In this article, we explore what subsurface LWMs are, why traditional AI falls short for geological problems, and how mining companies can prepare for this paradigm shift.


What Are Large World Models for Subsurface Intelligence?

Traditional machine learning models for geology operate on flattened data – a drill hole becomes a 1D sequence of lithology codes and assays, a geological map becomes a 2D image, geochemical data becomes a table of element concentrations. These representations discard critical information: geometry, topology, and spatial relationships. A vein dipping 60° southeast behaves differently than one dipping 30° northwest, even if both have identical gold grades. Fault offsets create displacement that traditional AI can't reason about. Crosscutting relationships encode relative timing that flat data representations miss.

Large World Models, by contrast, aim to model the geological world itself – ingesting multi-modal inputs (drill core logs, geophysics, geochemistry, structural measurements, remote sensing) and generating an interactive 3D understanding of subsurface mineral systems. Instead of just predicting "high gold potential here," an LWM can reason: "This structure intersects favorable host rock at this depth, the alteration assemblage indicates 300°C fluids, the geochemical footprint shows a proximal source, and the geophysical signature suggests continuation 500m east – drill here."

The paradigm shift: from task-specific models (one for lithology prediction, another for grade estimation, another for targeting) to a unified foundation model that understands geological context across all data types and can tackle arbitrary exploration tasks through prompt engineering or fine-tuning.


Why Spatial Transformers and Geometric Deep Learning Matter

Standard neural networks struggle with 3D geological data because they lack built-in understanding of geometric relationships. A convolutional network trained to recognize alteration patterns in one orientation fails when the geology rotates – it hasn't learned that mineralization is invariant to coordinate system choice, only to geological reference frames.

Spatial Transformers: Handling Anisotropy

Narrow vein systems present a perfect example of why geometry matters. A quartz vein might extend 2km along strike, continue 800m down dip, but measure only 2m wide. Traditional 3D convolutions treat all directions equally – they blur the vein into surrounding wallrock, losing the sharp boundaries critical for resource estimation.

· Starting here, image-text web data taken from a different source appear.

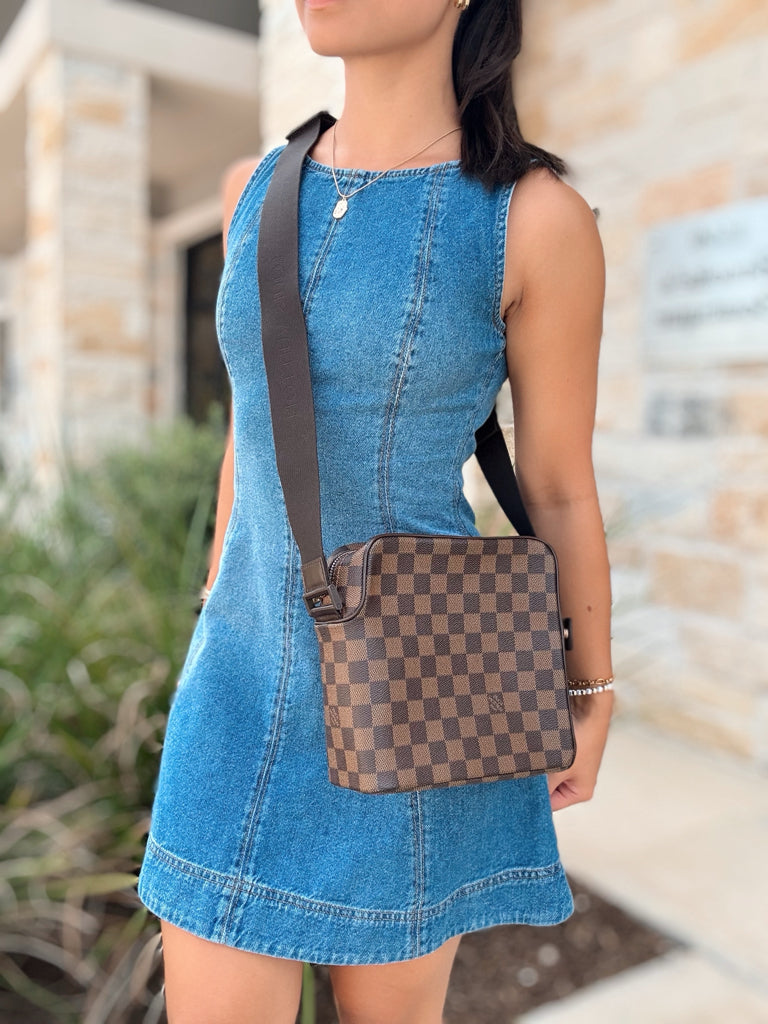 Louis Vuitton Navigilo Messenger Bag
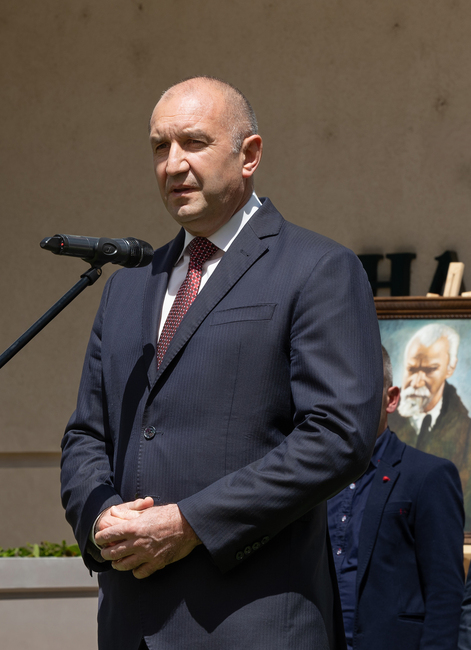 Президентът Радев: Майските културни празници в Пирдоп са тържество на родолюбието и духа и дават път на нови, млади таланти да следват духа на Тодор Влайков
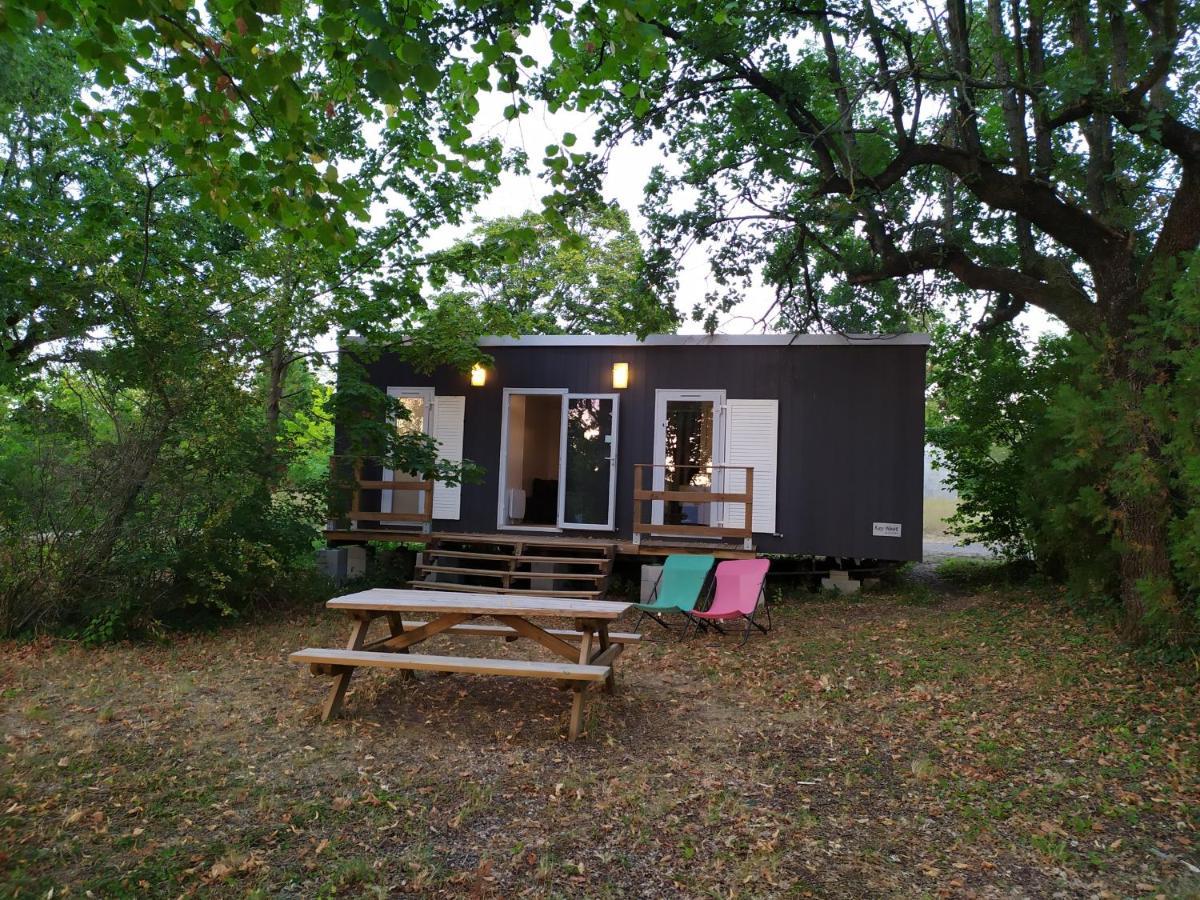 Camping Domaine De Senaud Albon Exteriör bild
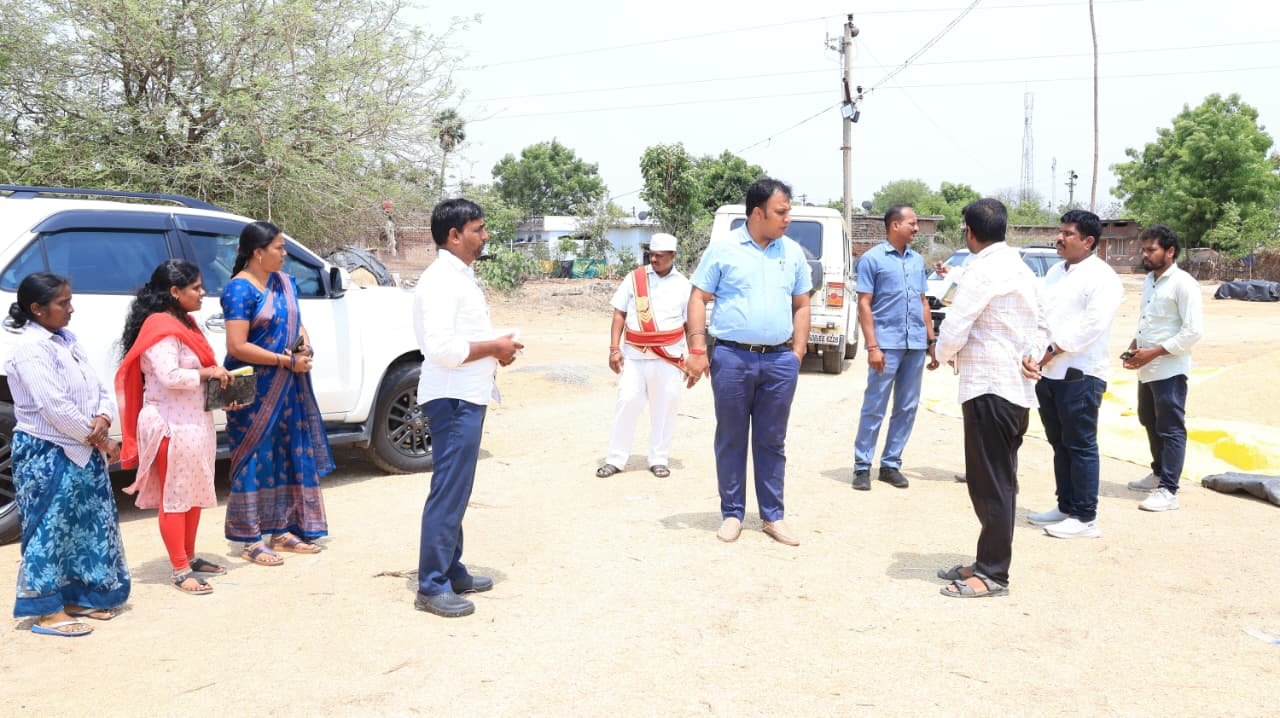 రైతులకు అండగా ఉంటాం - ఆందోళన చెందవద్దు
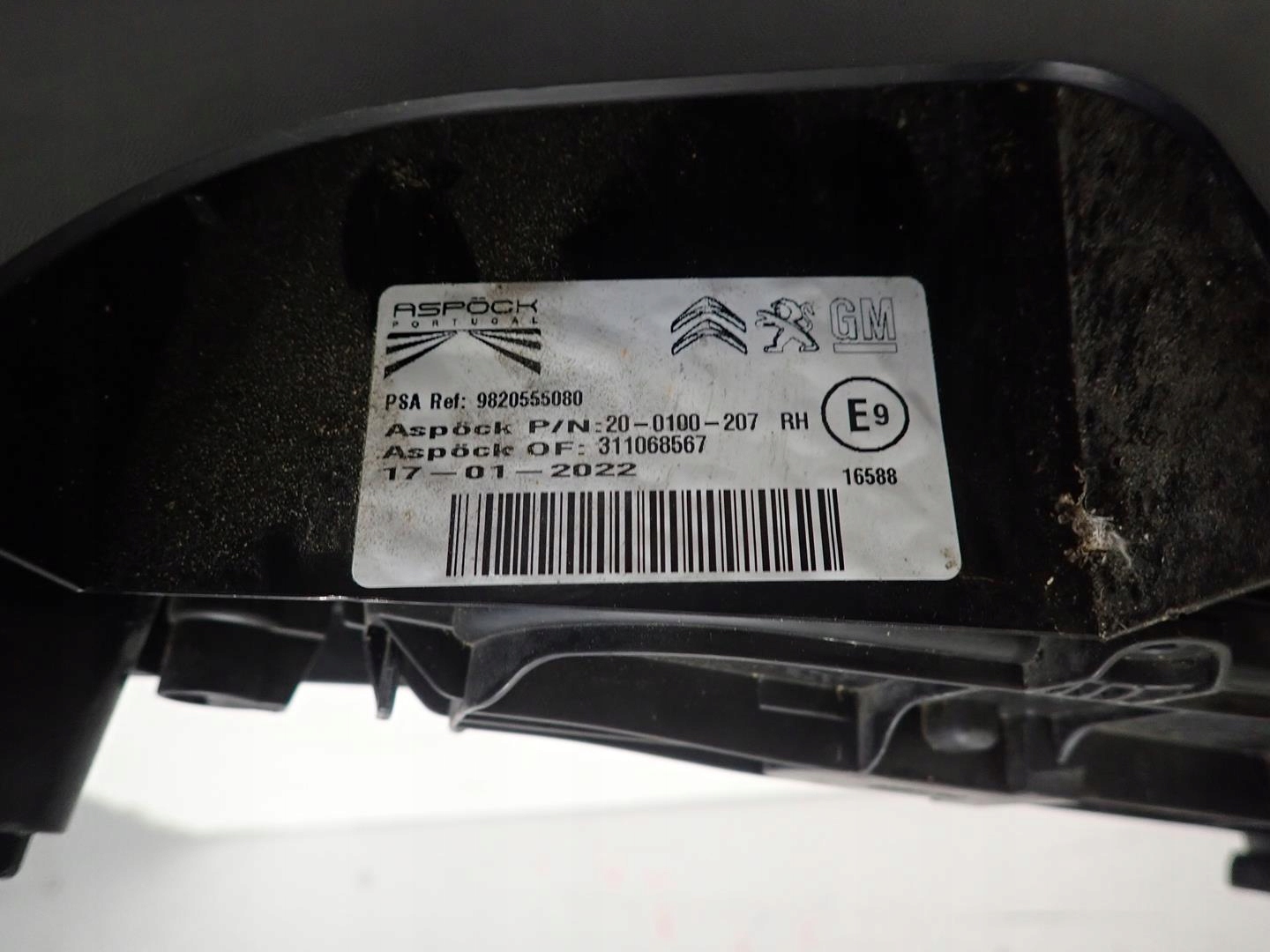 light rear part right BERLINGO IV COMBO E RIFTER PROACE CITY 2018- 9820555080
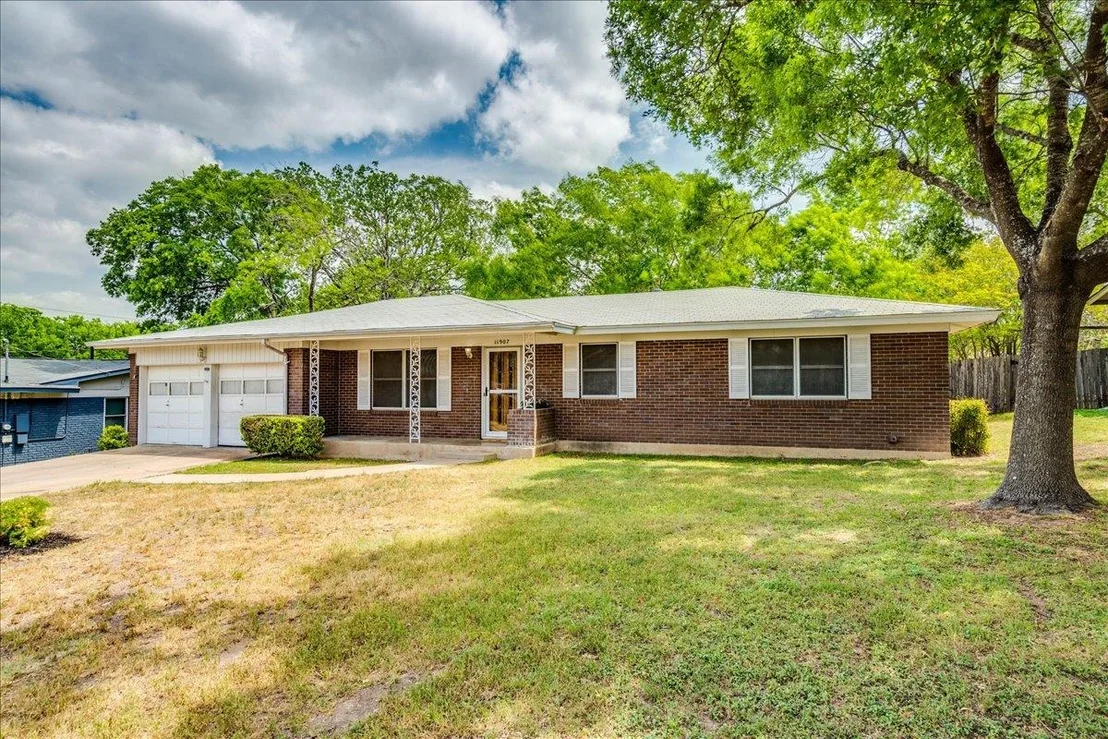 Photo of 11907 Oak TRL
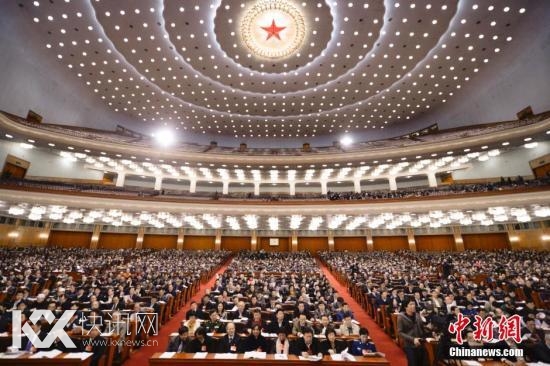 政协委员用多个段子批腐败发言四度被掌声打断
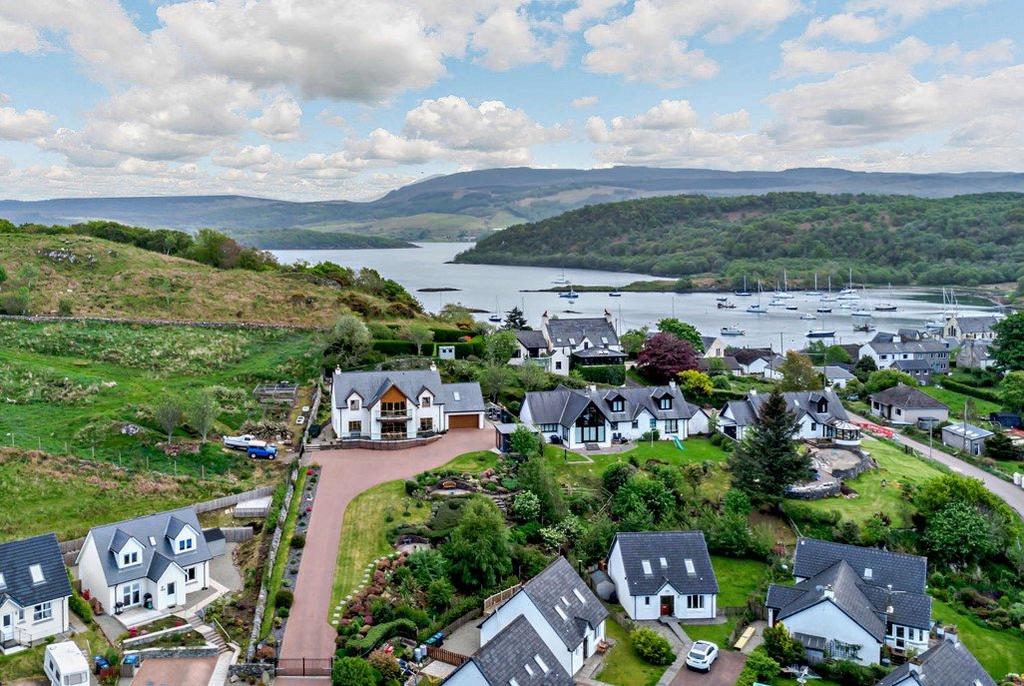 Creagan Dearg, Tayvallich, Lochgilphead, Argyll 4 bed detached house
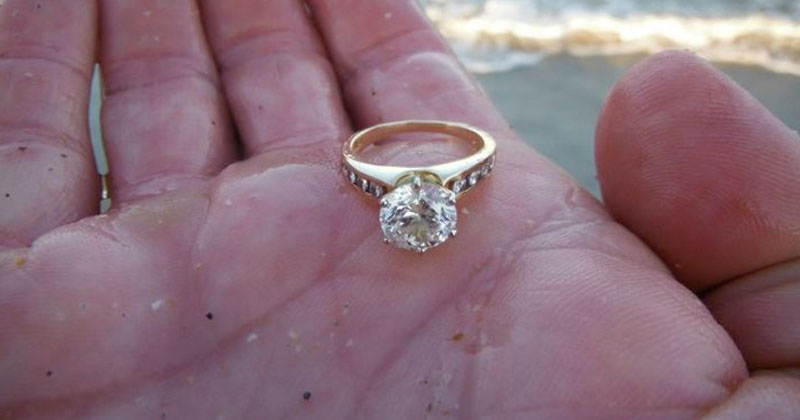 Отдыхая у побережья моря, девушка нашла в песке золотое кольцо. Спустя 3 дня с ней случилась УДИВИТЕЛЬНАЯ вещь…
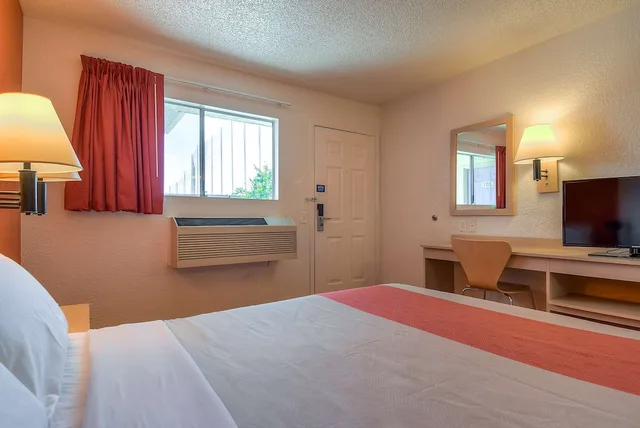 غرفة قياسية بسرير مزدوج، Motel6 Rowland Heights, CA - Los Angeles - Pomona 5/10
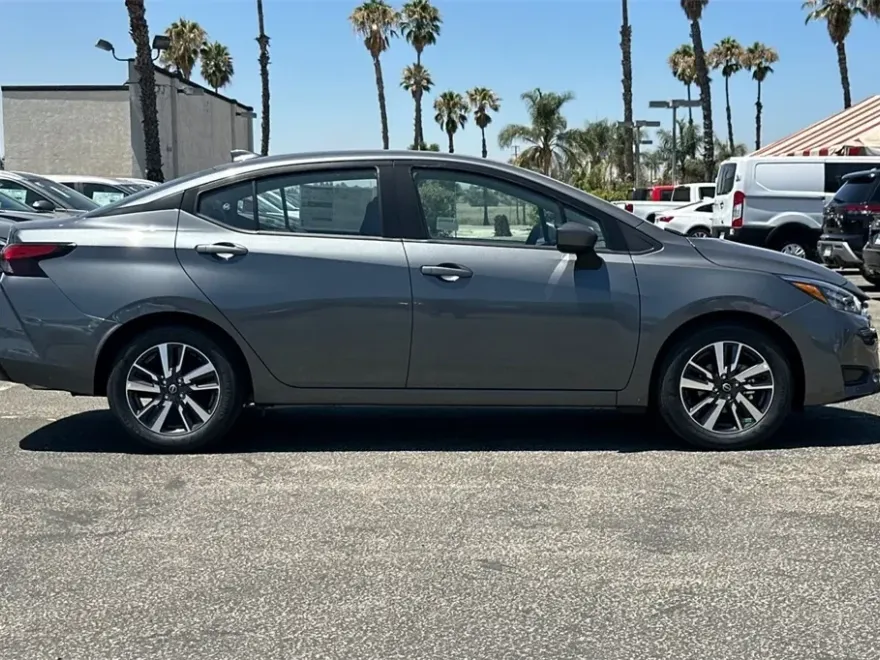 2025 Nissan Versa 1.6 SV photo 1
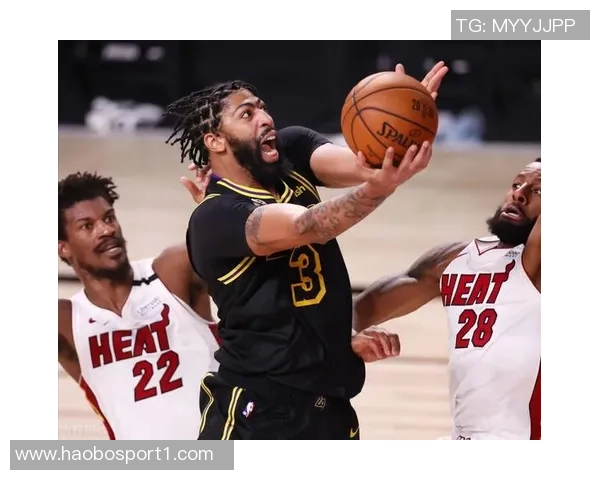 华佗队名不虚传洛杉矶德比小卡出战成疑引发球迷热议 华佗队名不虚传洛杉矶德比小卡出战成疑引发球迷热议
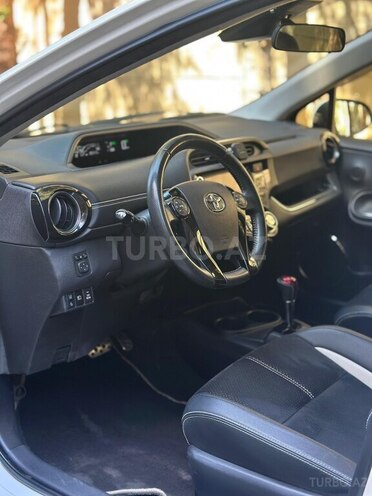 Toyota Aqua-19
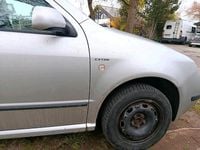 Second-hand Skoda Fabia 75 CP (55 kW) 2004 Argintiu Hatchback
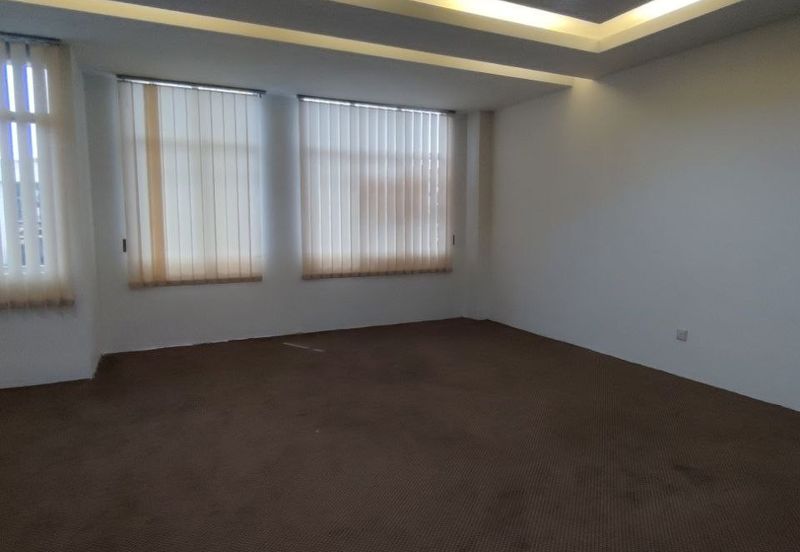 Oakland Commercial Centre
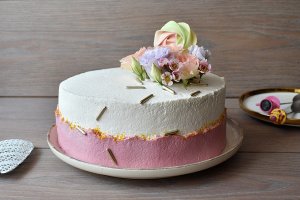 Tort cu crema de fistic, ciocolata si zmeura - Reteta delicioasa si aromata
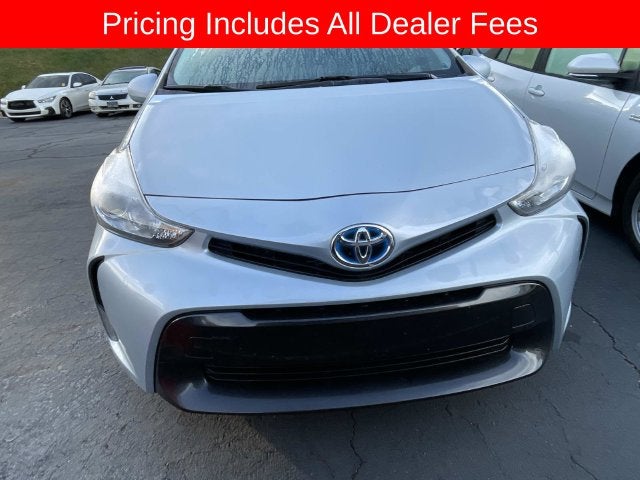 2016 Toyota Prius v Three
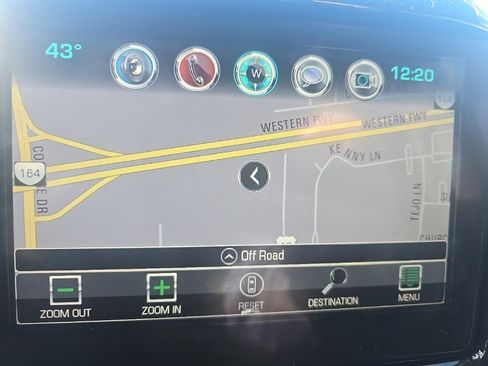 Used 2018 Chevrolet Traverse LT image 20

Spatial transformer networks (STNs) learn to warp input data into canonical orientations before processing. For a narrow vein system, the STN learns to: (1) identify vein orientation from geological data, (2) rotate coordinates so the vein aligns with a preferred axis, (3) process in this vein-aligned reference frame, (4) rotate outputs back to geographic coordinates. This approach lets the model use different receptive field shapes for along-strike (large) versus across-vein (small) processing – respecting the anisotropy inherent in geological systems.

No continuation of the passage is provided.